As David Morgenstern noted, Apple had a changing of the guard, but the sky didn't fall. And when you read the Jobs' takes from the likes of Walt Mossberg, Om Malik and others one thing is clear (ZDNet coverage, CNET coverage, CBS News coverage). Jobs isn't gone and hints at an obit are widely premature. Jobs will be less visible for sure, but it's safe to say he may be one of the more involved chairmen in the corporate world. Jobs departure as CEO wasn't a surprise, but still managed to surprise a lot of us.

Those moving parts raise an interesting question: When does the Cook era really begin? The kudos for Cook are far and wide. Frankly, there was no other Apple CEO option. Cook stepped up and ran Apple three times---2004, 2009 and 2011. He has managed Apple's supply chain to the point where it is the company's best asset.

Also: Steve Jobs: Thinking through his CEO legacy

But what's unclear is when will Apple's products really be Cook's. When will Cook's products be front and center and not Jobs'? When will Apple's roadmap reflect Cook's persona?

Now there's a strong management bench at Apple so there are multiple players in on product designs and roadmaps. But at some point the CEO owns the success or failure of future Apple products. In a letter to employees posted on Ars Technica, Cook said that the core values of the company won't change. Jobs created a unique culture that will remain. "I cherish and celebrate Apple's unique principles and values. Steve built a company and culture that is unlike any other in the world and we are going to stay true to that—it is in our DNA," said Cook.

The conventional view is that the Cook era will come in about five years. At that point, grading Cook will be easier.

Analysts say that Jobs' vision and associated product roadmaps for Apple most likely carry out about five years perhaps longer. Gene Munster, an analyst at Piper Jaffray, said:

We believe Tim Cook will carry out a long-term (5-year) roadmap that he and Jobs jointly established, including several iterations of Apple's existing products as well as new categories, like an Apple Television as soon as late 2012.

Jefferies analyst Peter Misek wrote:

We believe Steve Jobs has his fingerprints on Apple products for the next two years. In the near term, we believe the company will release a new iPhone and enter China with a low-cost iPhone. We see the company releasing an LTE iPhone and also gradually converging its iOS and Mac products. We also continue to believe that Jobs will introduce another revolutionary product such as an iTV or something video-related before his final departure from the company. Though many of the future products may be conceptual at this we believe Steve Jobs' vision of the Apple ecosystem goes beyond five years.

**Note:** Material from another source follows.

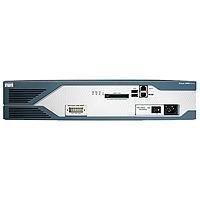 CISCO2851-AC-IP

That view creates on interesting management case study. When Apple actually launches TVs Cook will be on the hook for the execution. But it will be Jobs' product vision. Apple rolls out iPad 6 in a few years and will Cook or Jobs' own the vision?

In other words, Cook takes over the company, but may be seen as the operational guru before he gets credit for great products, cutting edge designs and all the perks that go with them. Cook will be widely underestimated at first.

For other CEOs, the urge to make an imprint on a company as its new leader may be irresistible. But Cook doesn't seem like the egomaniac type. He seems suited to pick up the baton from Jobs.

We'll eventually know what traits mark Cook's Apple, but it may take years for those qualities to surface. Along the way Cook will have to manage a bevy of risks ranging from brain drain to execution. Bernstein analyst Toni Sacconaghi:

We believe that Steve Jobs has had a unique and powerful imprint on Apple that is irreplaceable by anyone, and that longer term (2+ years out), his full time absence could undermine the performance of the company. We believe that it is hard to imagine a replacement for Jobs' vision, his unparalleled and charismatic marketing leadership and his ability to drive the company to exacting standards and products. While we do expect that Jobs will be able to exert some influence on the company in his position as Chairman, we believe that as CEO, Jobs played an even larger role beyond product design – in marketing, deal negotiation and release planning – than most investors may realize.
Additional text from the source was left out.